One of the most common tensions concerns creation theology and soteriology.
In many conceptions of soteriology, because of the fall creation is a ruin. Nothing "good" remains in the world, or in us. Consequently, grace comes to us soteriologically, in Jesus' death, burial, and resurrection.
However, many struggle with this view of the situation, especially when it is framed in the terms of penal substitutionary atonement. There is a desire to see goodness in creation and in ourselves. Consequently, creation theologies have proliferated which see creation and ourselves as primordially blessed and graced, in a way that the fall does not wholly eclipse.
There is much to applaud in these creation theologies. And yet, it needs to be noted that the more grace your creation theology carries the less grace will be carried by your soteriology.
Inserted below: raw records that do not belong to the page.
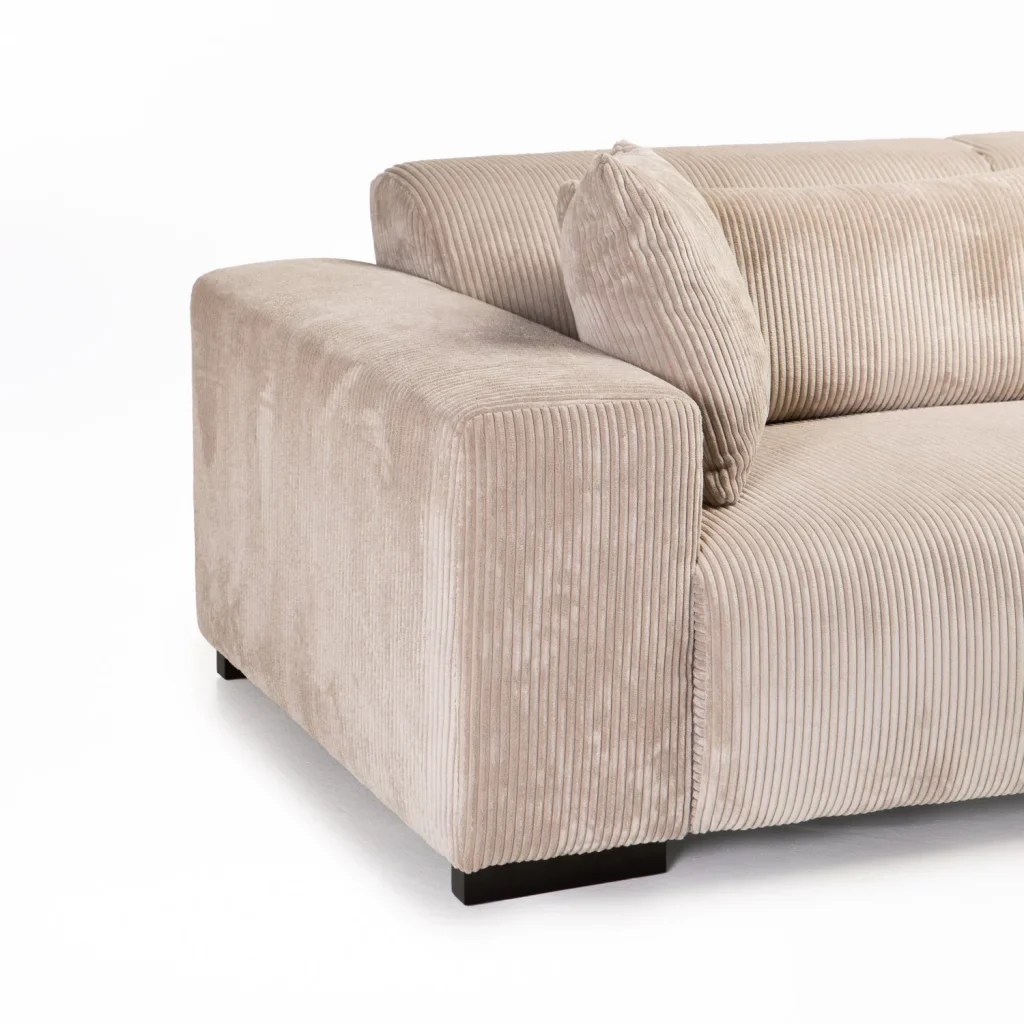 CATERINA FABRIC CORNER CHAISE - PLATINUM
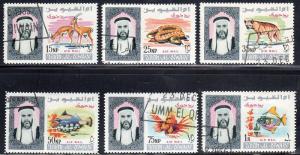 Umm-al-Qiwain C1-6 - CTO-H - Animals - scv $1.20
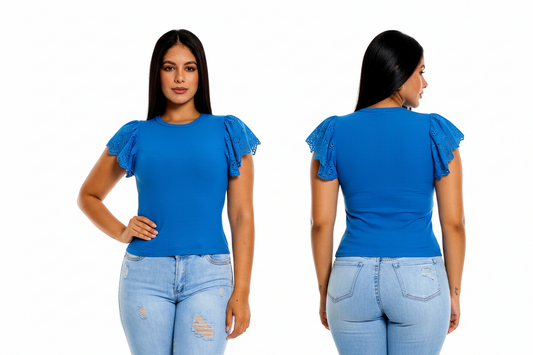 Camisa Blusa Dama Chic mi azul CTD1170-5 390345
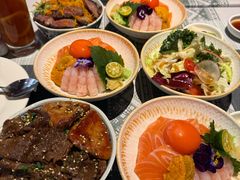三文鱼甜虾海胆饭-和牛食堂•BISTRO(广州首店)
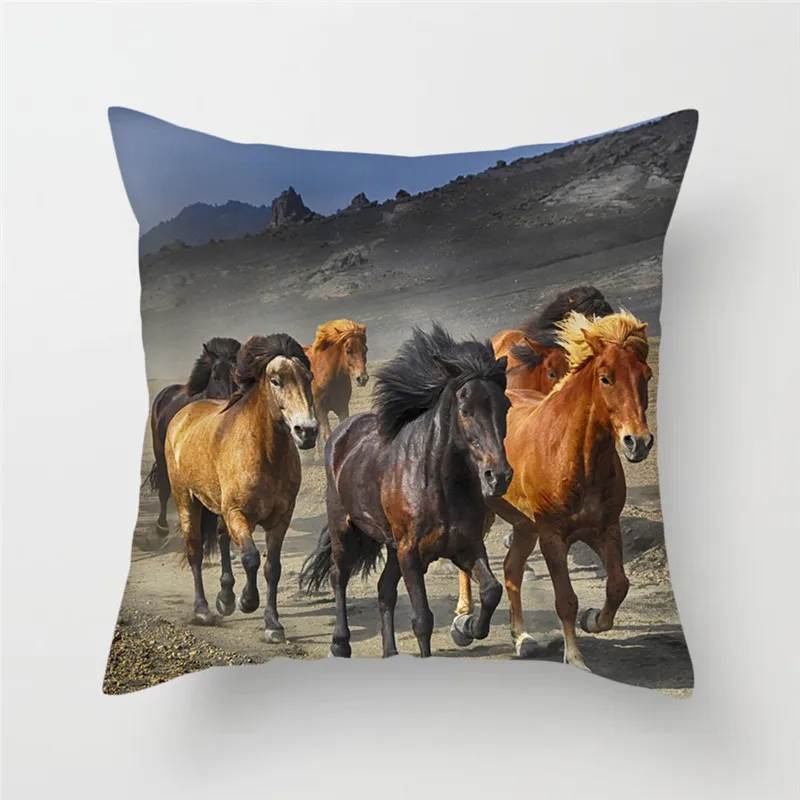 Fuwatacchi чехол для подушки с изображением лошади, диких луг, наволочка для подушки, чехол для подушки, аксессуары для домашнего декора, чехол для подушки - Цвет: PC06668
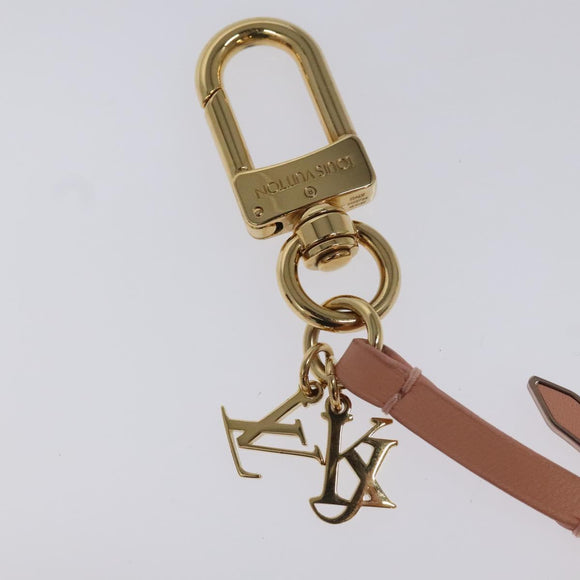 LOUIS VUITTON Rabbit Jeff Key Ring metal Pink M62734 LV Auth 114656
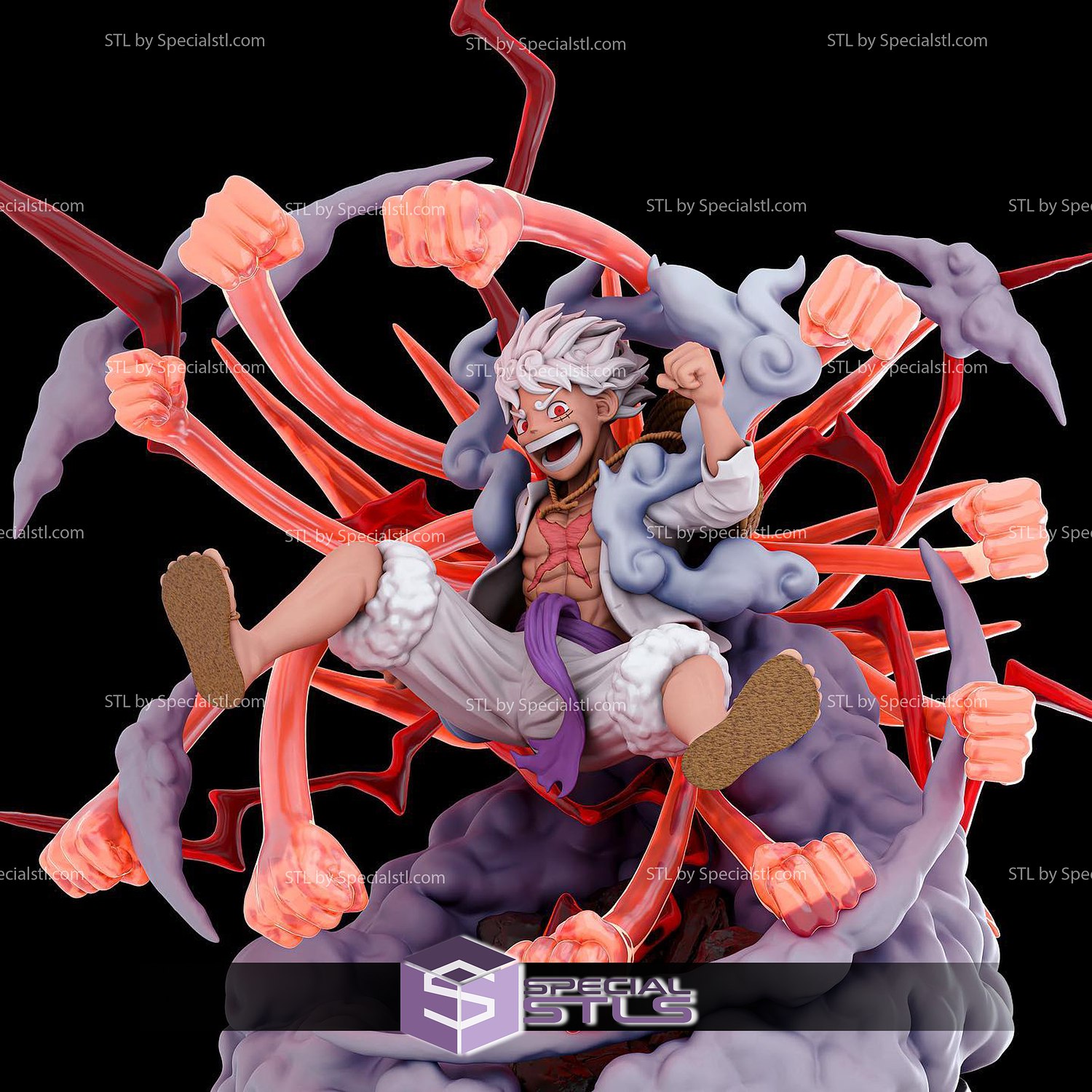 Luffy gear 5 - Nika - One piece - 3d Print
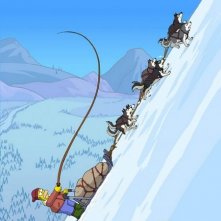 Una scena de I Simpson - il film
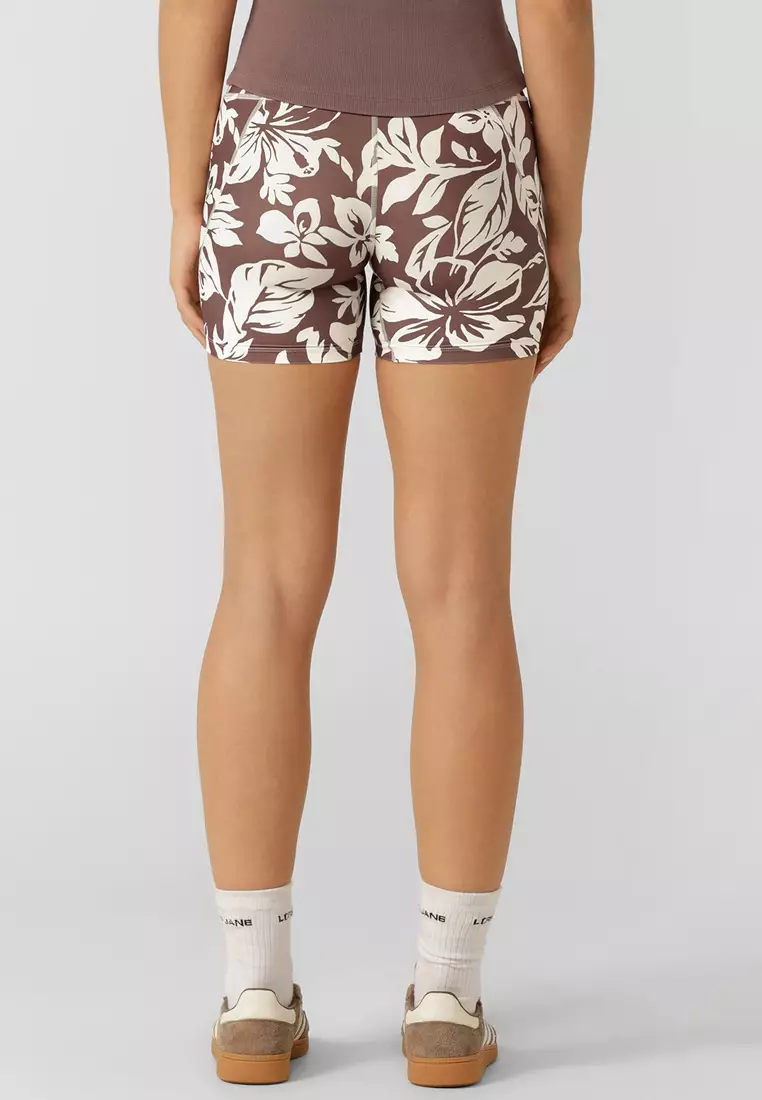 Hibiscus Hi-fold No Ride Bike Shorts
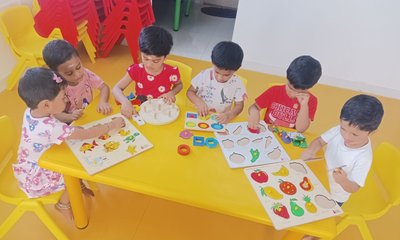 LKG classroom at Waddle Kids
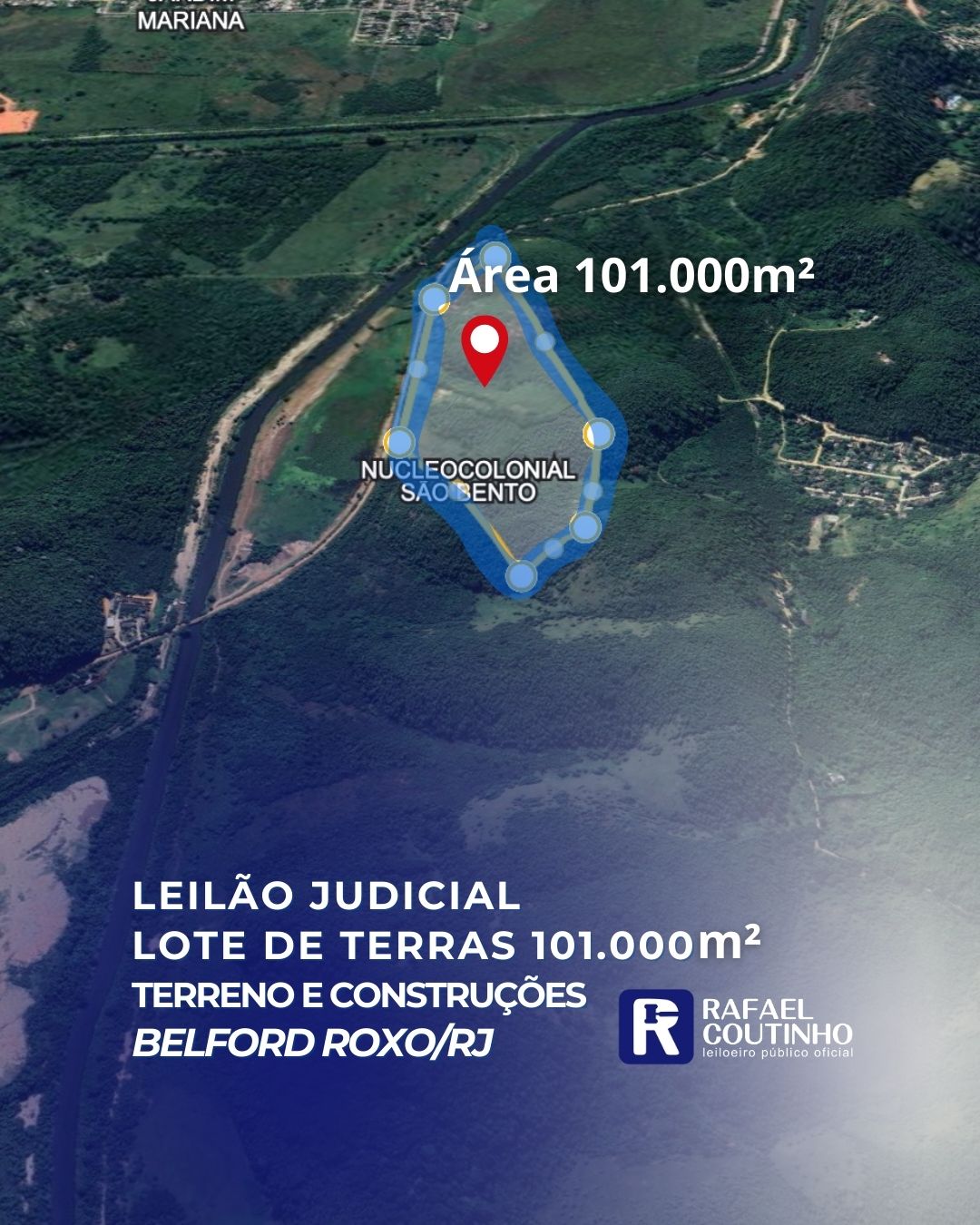 Imagem do imóvel Lote De Terras - Área 101.000m² - Núcleo Colonial São Bento, Belford Roxo/rj. Terreno E Respectivas Construções. Pague Em Até 60 Vezes.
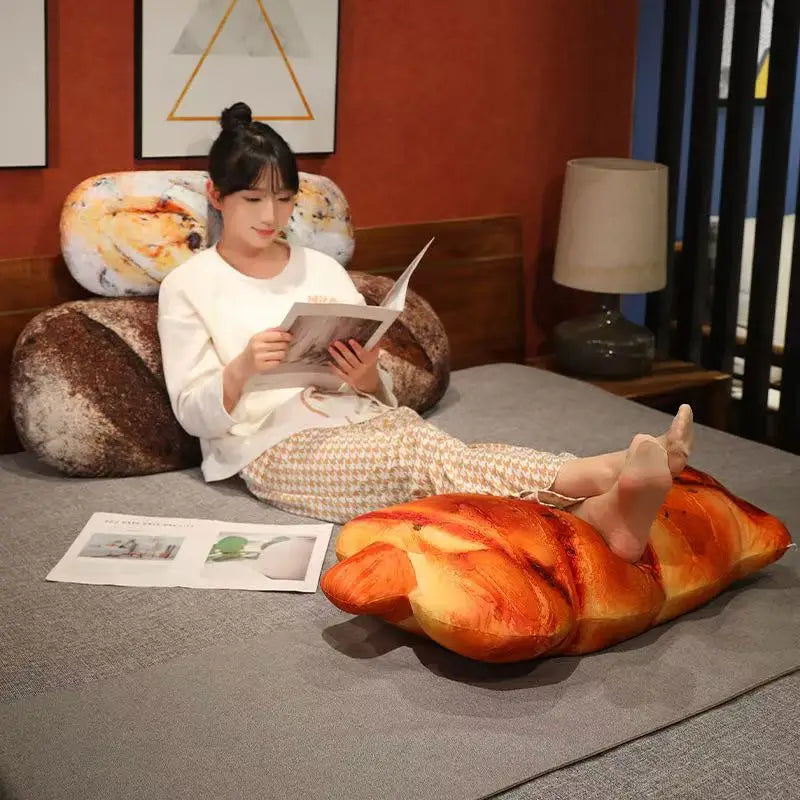 Simulation Bread Pillow Anime Plush Toy 50/70cm Cute Doll Stuffed Animal Soft Cushion Gift for Christmas Thanksgiving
To take an extreme example, but a very common one, if everything and everyone in the world is already "graced" and "blessed," already "saved" as it were, then you end up struggling to articulate why Jesus died on the cross. If your creation theology declares that nothing was ever lost, you don't need to describe why anything needs being saved.
Basically, when grace gets front-loaded in your creation theology, Jesus' death on the cross becomes superfluous and irrelevant. Creation theology carries the weight of grace rather than soteriology. To be created is to be already "saved."
In noting all this I am not offering a judgment. I am simply making an observation to alert you to an oft unnoticed tension. I think there are a lot of good things about front-loading grace in your creation theology. It creates a positive and optimistic view of the world. And there's a lot to love about that posture. But you need to be aware of the downstream impact of how this front-loading of grace affects your view of the atonement. Maybe you don't need Jesus in your Christianity, but a lot of us do. Consequently, some of us will attend to these tensions, desirous to hold optimistic views of a blessed and very good creation, but also keen to confess that the world was saved by the work of Christ on Good Friday and Easter Sunday.